According to property analyst Scott Butler at Satyatama Graha Tara, an affiliate of Brooke Hillier Parker in Jakarta, the market in general is suffering but these developments even more so. “They’ve moved from trying to shift the luxury apartments, the $150,000 to $200,000 down to the $10,000 market. They’re desperate to improve cash flow and must be under a lot of pressure,” he says. Li Ka-shing and China Resources, an arm of China’s foreign trade ministry, hold nearly 6% of Karawaci but analysts say the Riadys are eager for them to take more. The word on the street is that China Resources might take up to 20% of Lippo Land after the restructure.
Senior Lippo executives frequently say how wonderfully the projects are doing. But, according to Butler, most of the office space is taken up by Lippo’s own staff. Indeed PT Matahari is to move its headquarters there and the Riadys have only recently bought more than 50% of that retail operation. Butler says even the massive shopping mall, another private company, is not doing business. Lippo claims it has some great names there: Matahari, WalMart and Pennys. But it holds the Indonesian franchises for WalMart and Pennys. “People aren’t spending money, except maybe on the fairground rides they have in the mall,” says Butler.
But things may be looking up for the Riadys on this front. Karawaci’s Rp100 billion flotation in June brought in fresh cash and after the restructure it may well sell off more to China Resources. There have also been reports that it will be selling off some 50% of the Karawaci supermall to an Australian firm.

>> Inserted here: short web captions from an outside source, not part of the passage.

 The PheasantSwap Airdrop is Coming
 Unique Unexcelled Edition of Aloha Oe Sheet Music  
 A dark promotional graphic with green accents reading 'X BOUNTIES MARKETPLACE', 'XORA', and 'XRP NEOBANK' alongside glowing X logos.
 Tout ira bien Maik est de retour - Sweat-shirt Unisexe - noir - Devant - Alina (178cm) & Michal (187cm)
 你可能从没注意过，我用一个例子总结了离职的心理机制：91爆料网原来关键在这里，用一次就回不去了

While analysts greet all this as good news, reducing exposure to property, they remain sceptical. “Property remains [the Riadys’] Achilles heel,” says one analyst at Deutsche Morgan Grenfell. While officially analysts accept that Lippo Bank has moderated its loans to affiliates, not everyone is convinced. “I wish I knew I knew what the exposure is,” says another analyst. “For example, Lippo Land’s accounts showed a loan from Lippo Bank but the bank didn’t show it and later claimed to have sold it off to others,” he adds. And, ironically, executives at Lippo know such things happen. Priasmoro Prawiroardjo, vice-president with joint venture BNP Lippo told Asia Times, “It’s clear that the loan process in this sector is commonly engineered. Because the economy is still growing at above 6%, the unpaid loans from this sector can be hidden.”
On the other hand these kinds of project may boost its retail banking supermarket concept. By developing projects to house 60,000 people, the company is creating a market in which to sell products they should need; life insurance, short-term loans and financing. According to Jardine’s Baker, apart from plans to develop other investment galleries in Lippo Bank branches, the company is already talking about selling life insurance at Mataharis.
Digby Falkner at Deutsche Morgan Grenfell in Jakarta says people should keep an eye on the credit card business too. While Bank Bali currently has a form of Affinity card with Matahari, if contractual obligations allow, he foresees Lippo Bank moving in on that business.
And it all goes back to the beginning. To attract customers to Bank Central Asia during his time there, Mochtar Riady used a lottery. At present the Matahari group is running a lottery in exchange for personal details, phone, address and income details. “This will give them a massive marketing list and will most likely be used by the finance arms,” says Baker.